Infants delivered vaginally to women with first-episode genital herpes are at very high risk for acquiring HSV infection. The nasopharynx, mouth, conjunctivae, rectum, and umbilicus should be cultured (some add PCR surface testing) at delivery and 12 to 24 hr after birth. Some also recommend HSV-PCR on blood. Some authorities recommend that these infants receive anticipatory acyclovir therapy for at least 2 wk, and others treat such infants if signs develop or if surface cultures beyond 12-24 hr of life are positive. Infants delivered to women with a history of recurrent genital herpes are at low risk for development of neonatal herpes. In this setting, parents should be educated about the signs and symptoms of neonatal HSV infection and should be instructed to seek care without delay at the first suggestion of infection. When the situation is in doubt, infants should be evaluated and tested with surface culture (and PCR) for neonatal herpes as well as with PCR on blood and CSF; intravenous acyclovir is begun until culture and PCR results are negative or until another explanation can be found for the signs and symptoms.

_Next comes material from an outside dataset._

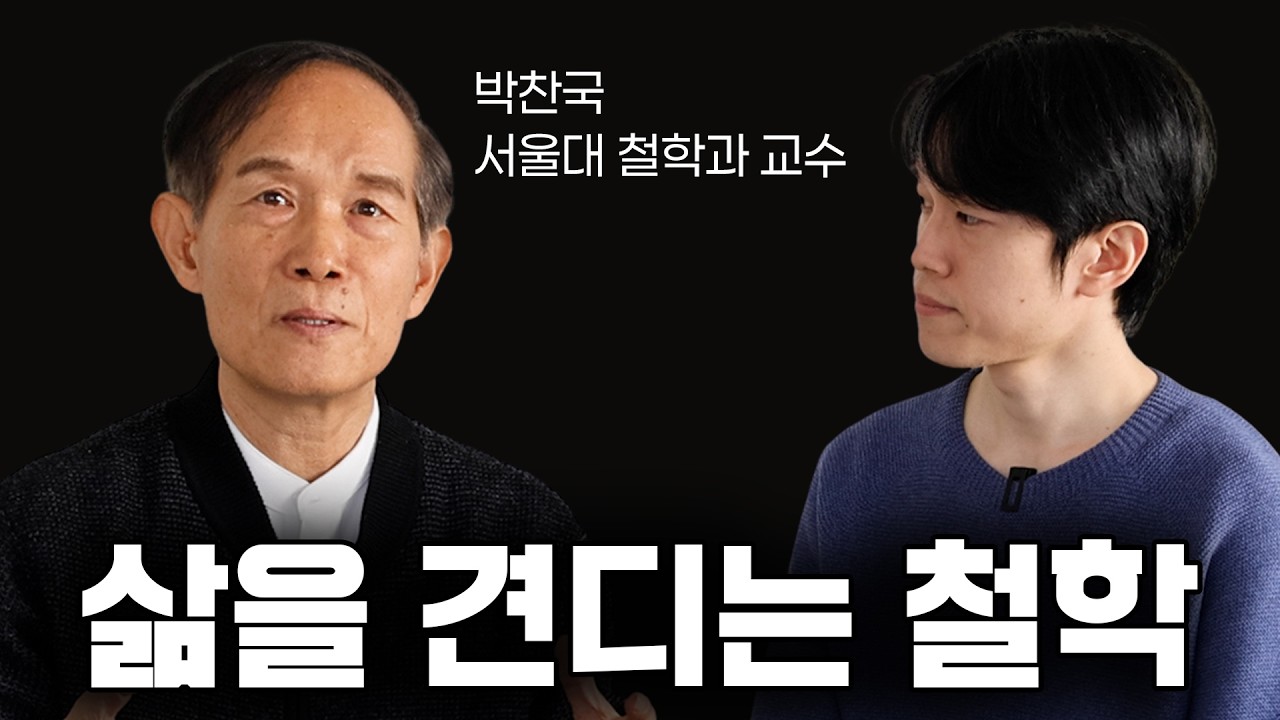 박찬국 교수가 설명하는 '명상록'의 철학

Recurrent genital HSV infections can be prevented by the daily use of oral acyclovir, valacyclovir, or famciclovir, and these drugs have been used to prevent recurrences of oral-facial (labialis) and cutaneous (gladiatorum) herpes. Oral and intravenous acyclovir has also been used to prevent recurrent HSV infections in immunocompromised patients. Use of sun blockers is reported to be effective in preventing recurrent oral-facial herpes in patients with a history of sun-induced recurrent disease.